* **TASK DIRECTIONS**:
Reproduce exactly the lines below from the one containing "Bauhaus Quilt Pattern" through the one containing "Homey Lotus Centre", including both, and nothing else.

* **EXERCISE MATERIALS**:
□ □ □

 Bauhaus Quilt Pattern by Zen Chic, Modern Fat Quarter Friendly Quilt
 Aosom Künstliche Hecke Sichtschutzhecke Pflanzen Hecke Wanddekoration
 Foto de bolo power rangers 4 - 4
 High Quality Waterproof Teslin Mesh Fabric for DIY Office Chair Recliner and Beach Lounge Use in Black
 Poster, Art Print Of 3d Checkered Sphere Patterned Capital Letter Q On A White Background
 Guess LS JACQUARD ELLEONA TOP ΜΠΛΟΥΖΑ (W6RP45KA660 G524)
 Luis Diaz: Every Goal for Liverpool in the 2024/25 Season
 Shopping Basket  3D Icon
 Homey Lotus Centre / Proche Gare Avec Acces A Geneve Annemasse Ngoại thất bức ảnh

□ □ □

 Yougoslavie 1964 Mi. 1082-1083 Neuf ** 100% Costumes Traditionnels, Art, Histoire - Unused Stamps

□ □ □

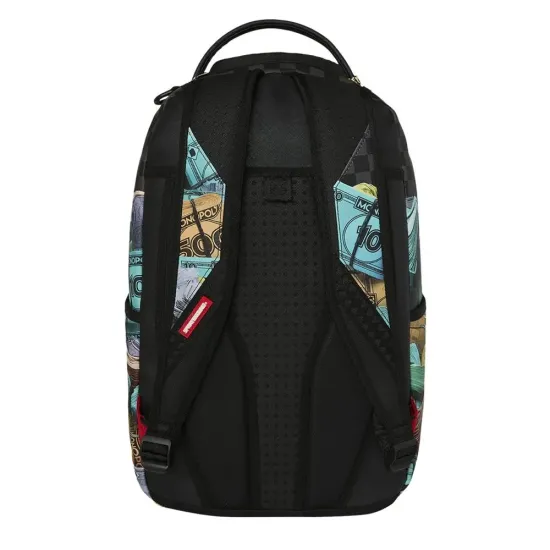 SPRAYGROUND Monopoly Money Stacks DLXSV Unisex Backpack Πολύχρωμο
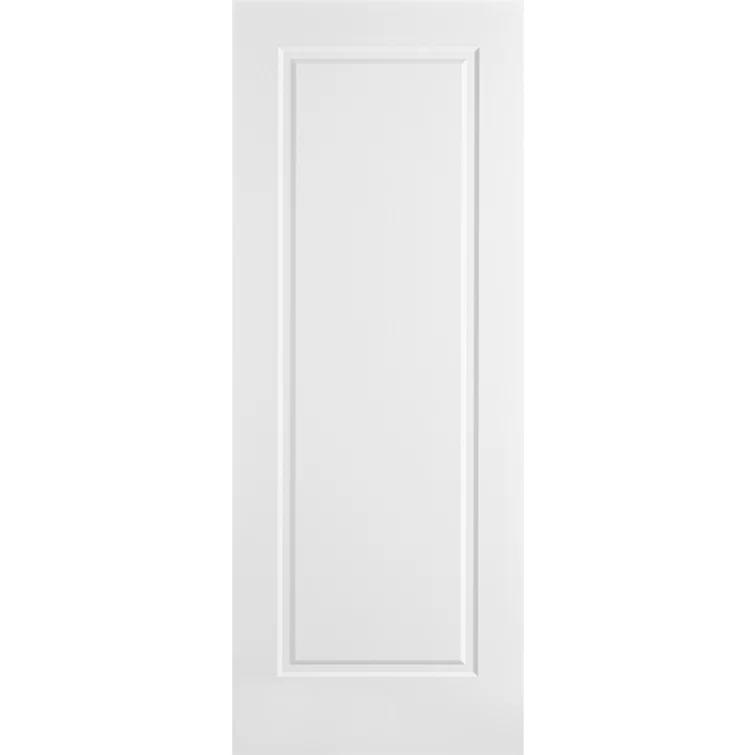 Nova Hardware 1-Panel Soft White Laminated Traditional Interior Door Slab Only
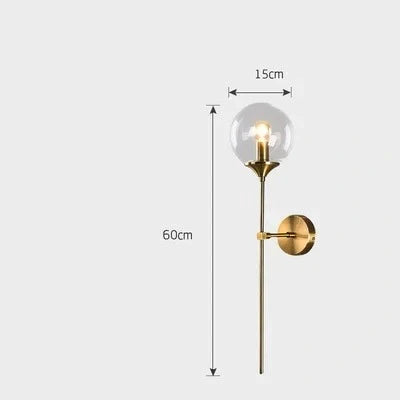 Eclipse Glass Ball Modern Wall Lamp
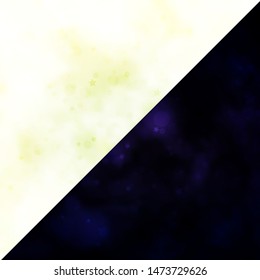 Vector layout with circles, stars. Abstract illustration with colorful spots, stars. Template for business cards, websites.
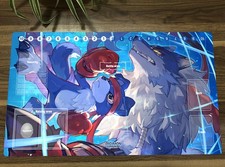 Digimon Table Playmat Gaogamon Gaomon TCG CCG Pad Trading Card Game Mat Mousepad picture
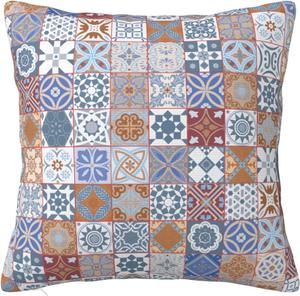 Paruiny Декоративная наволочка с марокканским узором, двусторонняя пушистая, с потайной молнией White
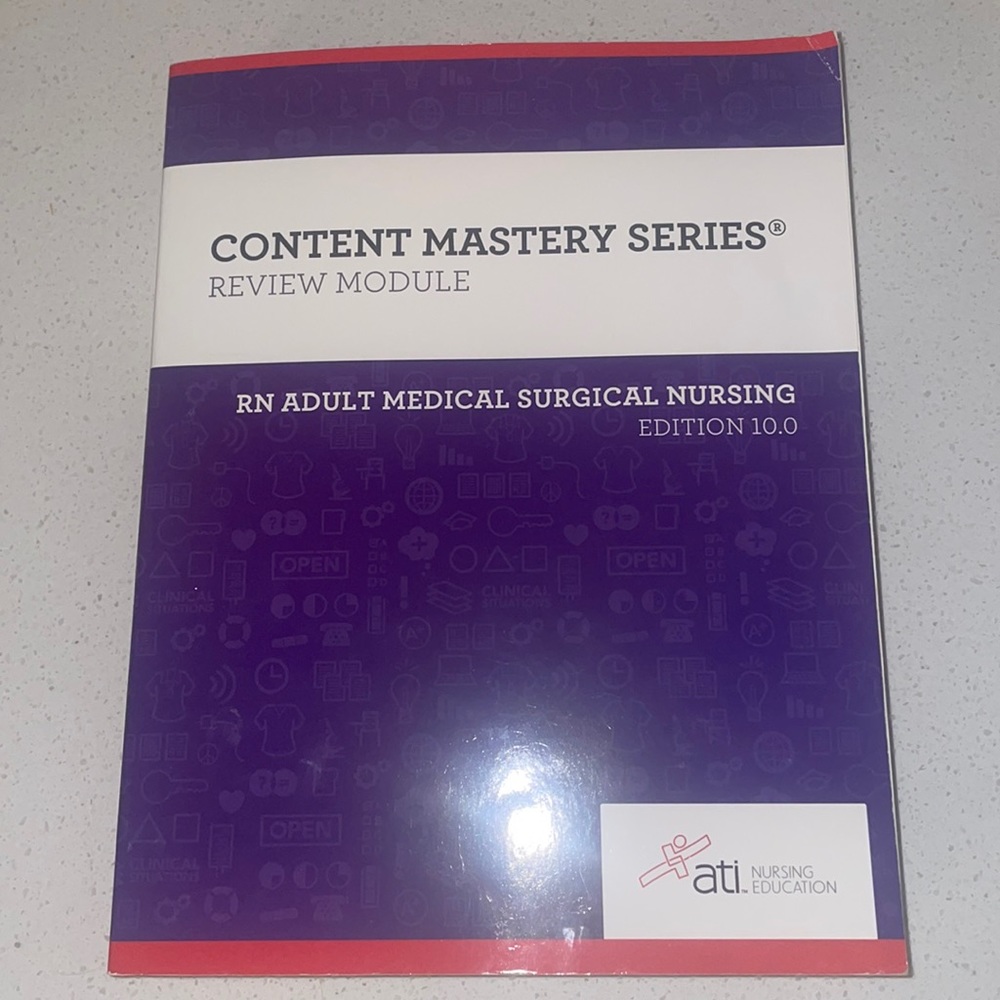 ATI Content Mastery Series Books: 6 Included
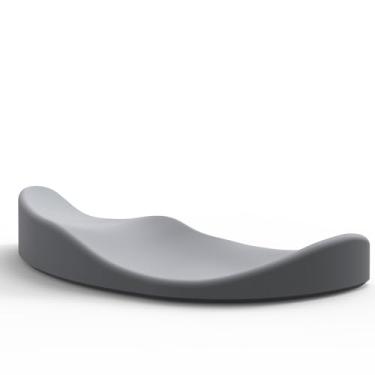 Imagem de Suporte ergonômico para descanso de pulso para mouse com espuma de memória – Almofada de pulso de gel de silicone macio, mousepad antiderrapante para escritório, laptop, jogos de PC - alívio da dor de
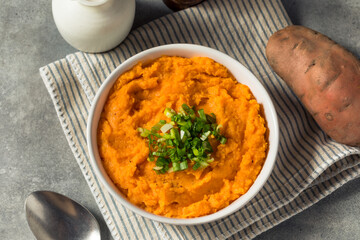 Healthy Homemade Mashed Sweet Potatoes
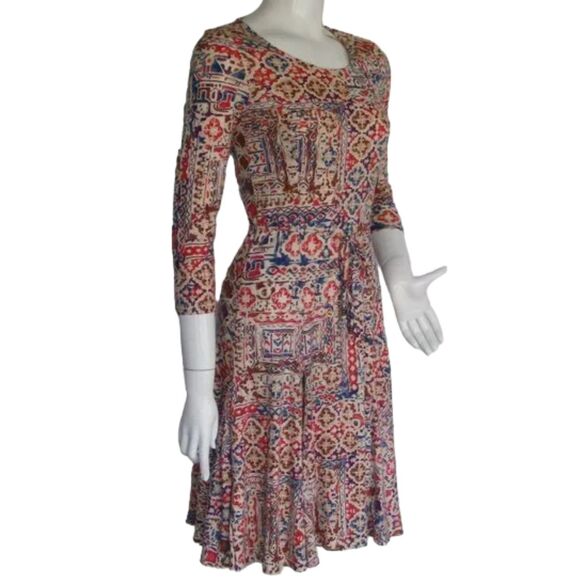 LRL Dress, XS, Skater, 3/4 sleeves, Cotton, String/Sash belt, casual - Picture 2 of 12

□ □ □

* **WRITTEN ANSWER**:
 Bauhaus Quilt Pattern by Zen Chic, Modern Fat Quarter Friendly Quilt
 Aosom Künstliche Hecke Sichtschutzhecke Pflanzen Hecke Wanddekoration
 Foto de bolo power rangers 4 - 4
 High Quality Waterproof Teslin Mesh Fabric for DIY Office Chair Recliner and Beach Lounge Use in Black
 Poster, Art Print Of 3d Checkered Sphere Patterned Capital Letter Q On A White Background
 Guess LS JACQUARD ELLEONA TOP ΜΠΛΟΥΖΑ (W6RP45KA660 G524)
 Luis Diaz: Every Goal for Liverpool in the 2024/25 Season
 Shopping Basket  3D Icon
 Homey Lotus Centre / Proche Gare Avec Acces A Geneve Annemasse Ngoại thất bức ảnh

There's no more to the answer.